Christophe en 1965. Merci l'INA.
Inutile de crier, de pleurer ; tout comme Aline et nos amourettes d'ados, il ne reviendra pas mais sa señorita danse toujours dans sa robe de "taff'tas". Il faut pourtant surseoir à l'émotion, contrôler sa contemplation intérieure. Ne sachant plus trop si c'est Christophe ou moi qui apparait en filigrane, j'ai du mal à l'imaginer toujours minet mais sans la moustache des années 70. 
Je m'en voudrais aussi d'oublier "Sur la plage il pleut beaucoup... Sur le sable abandonné tu ne viens plus... Mais la mer est toujours bleue..."
Joe Dassin en 1965. Merci l'INA.
Joe Dassin nous fait vivre une fin de saison avec la fin d'un amour, en chanson seulement j'espère. Avec lui, toujours notre belle plage de Saint-Pierre, plus tard, en 1971. Pas moyen de la voir sous un rideau de pluie, plutôt avec une double rangée de pas, sous un rayon de lune sur l'onde inoxydée... En 65-66, Joe chante "Çà m'avance à quoi ?" qu'on appréciera quand le succès sera venu. 

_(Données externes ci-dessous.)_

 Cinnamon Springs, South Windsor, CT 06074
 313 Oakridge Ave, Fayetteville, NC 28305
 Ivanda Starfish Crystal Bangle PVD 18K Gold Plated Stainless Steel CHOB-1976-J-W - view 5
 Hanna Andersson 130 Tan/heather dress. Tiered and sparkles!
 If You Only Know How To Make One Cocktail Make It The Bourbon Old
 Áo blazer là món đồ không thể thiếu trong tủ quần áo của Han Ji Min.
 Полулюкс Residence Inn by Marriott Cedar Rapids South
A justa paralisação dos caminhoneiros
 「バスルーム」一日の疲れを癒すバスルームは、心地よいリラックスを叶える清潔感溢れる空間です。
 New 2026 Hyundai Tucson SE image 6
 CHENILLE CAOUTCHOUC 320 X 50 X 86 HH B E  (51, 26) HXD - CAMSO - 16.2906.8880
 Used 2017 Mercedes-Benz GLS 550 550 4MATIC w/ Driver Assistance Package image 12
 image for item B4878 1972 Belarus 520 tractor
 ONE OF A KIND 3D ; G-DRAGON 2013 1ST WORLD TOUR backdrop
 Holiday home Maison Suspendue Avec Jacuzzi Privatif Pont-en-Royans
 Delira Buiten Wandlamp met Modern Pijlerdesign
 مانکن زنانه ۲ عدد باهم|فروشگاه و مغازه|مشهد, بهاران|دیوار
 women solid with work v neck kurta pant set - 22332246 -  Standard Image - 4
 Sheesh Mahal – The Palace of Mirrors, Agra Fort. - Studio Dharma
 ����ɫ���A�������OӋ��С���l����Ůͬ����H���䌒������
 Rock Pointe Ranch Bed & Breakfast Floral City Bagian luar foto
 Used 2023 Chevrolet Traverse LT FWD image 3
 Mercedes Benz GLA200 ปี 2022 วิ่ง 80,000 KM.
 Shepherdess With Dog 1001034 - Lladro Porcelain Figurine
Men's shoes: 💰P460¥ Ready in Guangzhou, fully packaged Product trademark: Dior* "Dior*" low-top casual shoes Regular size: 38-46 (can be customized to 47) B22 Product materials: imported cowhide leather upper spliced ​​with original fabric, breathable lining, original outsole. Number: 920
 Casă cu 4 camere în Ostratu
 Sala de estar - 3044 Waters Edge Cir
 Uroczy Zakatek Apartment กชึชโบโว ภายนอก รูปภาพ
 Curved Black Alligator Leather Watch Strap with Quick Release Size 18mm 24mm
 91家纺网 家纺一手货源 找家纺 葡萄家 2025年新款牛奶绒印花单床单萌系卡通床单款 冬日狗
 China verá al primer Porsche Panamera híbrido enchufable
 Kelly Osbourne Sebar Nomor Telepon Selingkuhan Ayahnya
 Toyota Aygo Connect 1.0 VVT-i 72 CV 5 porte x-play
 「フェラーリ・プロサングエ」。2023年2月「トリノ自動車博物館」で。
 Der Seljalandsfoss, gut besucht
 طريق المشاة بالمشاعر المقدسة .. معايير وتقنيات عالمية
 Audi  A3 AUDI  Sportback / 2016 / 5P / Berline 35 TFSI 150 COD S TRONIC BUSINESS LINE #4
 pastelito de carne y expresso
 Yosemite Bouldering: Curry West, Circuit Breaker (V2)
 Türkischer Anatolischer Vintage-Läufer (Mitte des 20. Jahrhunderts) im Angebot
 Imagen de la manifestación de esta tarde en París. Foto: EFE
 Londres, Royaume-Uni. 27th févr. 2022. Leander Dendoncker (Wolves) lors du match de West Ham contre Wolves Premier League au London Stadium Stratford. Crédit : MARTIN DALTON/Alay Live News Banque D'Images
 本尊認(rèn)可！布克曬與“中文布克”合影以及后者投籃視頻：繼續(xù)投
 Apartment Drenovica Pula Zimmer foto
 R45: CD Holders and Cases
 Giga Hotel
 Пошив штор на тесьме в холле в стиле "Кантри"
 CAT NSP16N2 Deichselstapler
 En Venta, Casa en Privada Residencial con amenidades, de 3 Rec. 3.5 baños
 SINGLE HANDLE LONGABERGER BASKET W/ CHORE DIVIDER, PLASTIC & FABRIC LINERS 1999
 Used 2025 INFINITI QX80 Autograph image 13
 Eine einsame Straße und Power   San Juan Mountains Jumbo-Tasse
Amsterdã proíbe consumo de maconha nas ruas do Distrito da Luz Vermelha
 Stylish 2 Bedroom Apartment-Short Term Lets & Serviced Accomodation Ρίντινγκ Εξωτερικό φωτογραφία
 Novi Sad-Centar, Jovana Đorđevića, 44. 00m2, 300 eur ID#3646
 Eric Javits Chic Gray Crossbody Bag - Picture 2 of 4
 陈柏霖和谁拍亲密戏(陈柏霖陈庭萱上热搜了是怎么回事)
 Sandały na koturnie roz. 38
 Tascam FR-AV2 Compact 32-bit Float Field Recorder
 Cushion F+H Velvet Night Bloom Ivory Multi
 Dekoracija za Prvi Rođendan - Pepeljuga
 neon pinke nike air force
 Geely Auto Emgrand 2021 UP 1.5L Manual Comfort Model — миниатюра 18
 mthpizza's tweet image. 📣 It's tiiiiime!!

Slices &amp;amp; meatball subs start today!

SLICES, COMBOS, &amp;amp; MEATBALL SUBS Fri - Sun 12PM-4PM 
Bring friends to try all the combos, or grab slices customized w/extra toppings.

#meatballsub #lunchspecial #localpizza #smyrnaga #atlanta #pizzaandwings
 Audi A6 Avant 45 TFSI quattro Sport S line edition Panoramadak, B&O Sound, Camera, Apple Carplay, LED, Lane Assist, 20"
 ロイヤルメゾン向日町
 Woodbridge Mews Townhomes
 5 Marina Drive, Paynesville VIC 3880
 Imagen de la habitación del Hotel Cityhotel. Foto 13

Tous ceux qui avec une chanson ont su nous offrir de quoi colorier un jour, dépeindre un âge, teinter un passé, faire déborder nos cœurs quitte à estomper, les années aidant, ces chanteurs, d'un art mineur disait à tort Joe un peu gêné de trop gagner, qui partent, qui portent et emportent un temps de nos vies, nous incitent, n'en seraient-ils pas conscients, à garder un peu de nos paradis perdus... 
"Peut-être un jour voudras-tu retrouver avec moi les paradis perdus" 1973 encore de Christophe. 
Il s'en est allé nous laissant Aline, sa petite fille du soleil, ses mots bleus, ses marionnettes, ses paradis perdus... pour les titres qui me reviennent. 
Oh aussi "Señorita dépêche-toi..." parce qu'il faut vivre avant qu'il ne soit trop tard et que face au temps ne reste que la mémoire des vivants... 

"Les vrais paradis sont ceux qu'on a perdus." Marcel Proust.